Witam wszystkich.
Przepraszam, ale zaglądałem do tego wątku dawno.
Podaję link do mojego rehabilitanta:
http://www.rehabilitacja-bielsko.pl/frontend/
Nie jest to żaden chwyt marketingowy, choć z naprawianiem tej hiperlordozy jest kilka ale, z którymi się także borykam.
Po pierwszym zabiegu wrażenie jest niesamowite - odbicie miednicy do tyłu, która sama się trzyma (z przodu), ale z biegiem czasu problem powraca, bo mięśnie podtrzymujące z przodu zanikają, kurczą się. Ćwiczenia dużo pomagają i trzeba to niestety systematycznie kontrolować. Wszystko zależy od (1) indywidualnej budowy ciała i szkieletu, którego niestety nie można zmienić oraz od (2) trybu życia.

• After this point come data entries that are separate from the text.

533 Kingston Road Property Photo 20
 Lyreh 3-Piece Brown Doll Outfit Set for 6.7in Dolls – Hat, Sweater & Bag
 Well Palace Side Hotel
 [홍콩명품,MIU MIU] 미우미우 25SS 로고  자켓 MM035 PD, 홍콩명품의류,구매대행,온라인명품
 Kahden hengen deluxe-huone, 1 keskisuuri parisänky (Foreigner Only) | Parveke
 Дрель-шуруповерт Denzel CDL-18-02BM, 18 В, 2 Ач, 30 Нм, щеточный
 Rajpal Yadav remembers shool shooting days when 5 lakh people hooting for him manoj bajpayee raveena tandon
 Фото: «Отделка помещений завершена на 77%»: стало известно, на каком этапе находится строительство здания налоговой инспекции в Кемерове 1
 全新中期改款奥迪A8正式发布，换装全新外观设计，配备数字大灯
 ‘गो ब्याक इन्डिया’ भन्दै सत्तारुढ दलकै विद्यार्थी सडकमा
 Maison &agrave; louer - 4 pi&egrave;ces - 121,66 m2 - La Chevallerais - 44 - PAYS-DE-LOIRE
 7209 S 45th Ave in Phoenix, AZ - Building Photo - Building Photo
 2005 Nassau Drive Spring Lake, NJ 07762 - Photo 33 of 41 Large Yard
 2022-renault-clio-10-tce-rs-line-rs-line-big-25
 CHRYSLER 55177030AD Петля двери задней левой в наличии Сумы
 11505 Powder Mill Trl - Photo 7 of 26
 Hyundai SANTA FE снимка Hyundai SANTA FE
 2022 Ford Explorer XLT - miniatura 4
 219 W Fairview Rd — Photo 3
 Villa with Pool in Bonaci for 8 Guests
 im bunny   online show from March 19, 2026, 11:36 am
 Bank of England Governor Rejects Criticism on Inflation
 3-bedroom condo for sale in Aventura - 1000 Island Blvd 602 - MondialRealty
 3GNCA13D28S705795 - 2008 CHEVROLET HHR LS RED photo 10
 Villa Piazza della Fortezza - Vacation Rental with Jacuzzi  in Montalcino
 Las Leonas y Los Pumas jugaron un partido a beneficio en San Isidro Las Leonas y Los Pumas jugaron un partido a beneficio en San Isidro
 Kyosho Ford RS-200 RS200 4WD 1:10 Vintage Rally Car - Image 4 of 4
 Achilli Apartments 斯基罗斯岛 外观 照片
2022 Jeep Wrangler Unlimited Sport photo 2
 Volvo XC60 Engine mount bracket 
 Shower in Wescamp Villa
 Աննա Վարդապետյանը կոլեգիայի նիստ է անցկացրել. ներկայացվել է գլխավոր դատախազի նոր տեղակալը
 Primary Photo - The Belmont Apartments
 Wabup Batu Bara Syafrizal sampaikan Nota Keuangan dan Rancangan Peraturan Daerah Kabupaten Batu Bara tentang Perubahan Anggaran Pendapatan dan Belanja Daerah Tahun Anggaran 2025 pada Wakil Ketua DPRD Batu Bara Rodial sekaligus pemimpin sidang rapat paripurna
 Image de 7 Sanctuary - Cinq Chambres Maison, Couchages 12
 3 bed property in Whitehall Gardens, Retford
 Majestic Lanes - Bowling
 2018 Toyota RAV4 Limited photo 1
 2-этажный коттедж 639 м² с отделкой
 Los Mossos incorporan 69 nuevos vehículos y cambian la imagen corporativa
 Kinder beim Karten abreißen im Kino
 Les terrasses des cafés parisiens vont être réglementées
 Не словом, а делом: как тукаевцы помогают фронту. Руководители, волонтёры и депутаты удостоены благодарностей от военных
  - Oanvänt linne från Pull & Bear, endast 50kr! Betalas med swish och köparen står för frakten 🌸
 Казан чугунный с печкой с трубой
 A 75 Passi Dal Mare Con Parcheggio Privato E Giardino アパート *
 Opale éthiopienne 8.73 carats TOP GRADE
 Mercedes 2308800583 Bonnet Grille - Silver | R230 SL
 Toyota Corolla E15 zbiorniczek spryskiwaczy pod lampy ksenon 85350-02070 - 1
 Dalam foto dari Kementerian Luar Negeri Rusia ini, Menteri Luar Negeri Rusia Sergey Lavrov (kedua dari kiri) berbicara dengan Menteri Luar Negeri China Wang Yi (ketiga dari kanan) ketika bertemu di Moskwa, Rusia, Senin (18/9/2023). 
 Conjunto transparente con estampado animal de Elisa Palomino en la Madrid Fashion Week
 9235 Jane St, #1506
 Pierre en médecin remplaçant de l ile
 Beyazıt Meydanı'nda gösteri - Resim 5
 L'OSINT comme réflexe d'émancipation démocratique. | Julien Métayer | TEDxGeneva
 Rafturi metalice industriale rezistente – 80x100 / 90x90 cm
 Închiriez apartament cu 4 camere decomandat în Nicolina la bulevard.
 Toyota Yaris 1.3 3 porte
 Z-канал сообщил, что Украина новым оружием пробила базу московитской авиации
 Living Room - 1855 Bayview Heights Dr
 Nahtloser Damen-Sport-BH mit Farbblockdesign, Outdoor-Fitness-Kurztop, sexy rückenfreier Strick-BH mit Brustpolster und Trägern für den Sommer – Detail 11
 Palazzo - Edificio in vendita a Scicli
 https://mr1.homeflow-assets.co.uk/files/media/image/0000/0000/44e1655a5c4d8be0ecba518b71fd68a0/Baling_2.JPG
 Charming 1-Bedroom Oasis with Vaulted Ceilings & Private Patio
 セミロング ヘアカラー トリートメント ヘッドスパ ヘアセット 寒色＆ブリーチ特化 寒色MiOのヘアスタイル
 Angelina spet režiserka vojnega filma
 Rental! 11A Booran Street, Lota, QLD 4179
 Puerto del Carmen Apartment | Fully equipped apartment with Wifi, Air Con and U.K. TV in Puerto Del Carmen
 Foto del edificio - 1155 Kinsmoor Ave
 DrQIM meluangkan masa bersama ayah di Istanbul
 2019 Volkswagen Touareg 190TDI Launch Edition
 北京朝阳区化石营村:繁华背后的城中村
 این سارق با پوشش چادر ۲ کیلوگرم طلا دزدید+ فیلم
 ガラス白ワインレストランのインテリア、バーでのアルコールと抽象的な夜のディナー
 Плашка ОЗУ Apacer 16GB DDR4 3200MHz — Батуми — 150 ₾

1. Najgorzej jest w przypadku osób szczupłych i wysokich. A konkretniej wąskich w talii. A konkretniej z wąską miednicą. Wtedy ma ona większa tendencję do pochylania się do przodu. Mięśni podtrzymujących ją z przodu jest tak mało (objętościowo) w stosunku do potrzeb niestety i są one bliżej siebie, co zmniejsza stabilność bioder. Dodatkowo osoba wysoka przy chodzeniu czy bieganiu często mimowolnie z uwagi na wzrost i długie nogi rozciąga się jeszcze bardziej. Zauważcie, że osoby niższe i tęższe prawie nie mają przodopochylenia miednicy. Ich miednica jest po prostu szersza, a mięśnie które powinny ją podtrzymywać nie dość, że są rozstawione szerzej to są dostatecznie rozciągnięte w stosunku do szerokości ciała (bioder). I to wystarczy. Mięsień prosty uda, krawiecki, piersiowo-lędźwiowy są już wystarczająco naciągnięte z uwagi na konieczną mniejsza ich długość (niższy wzrost).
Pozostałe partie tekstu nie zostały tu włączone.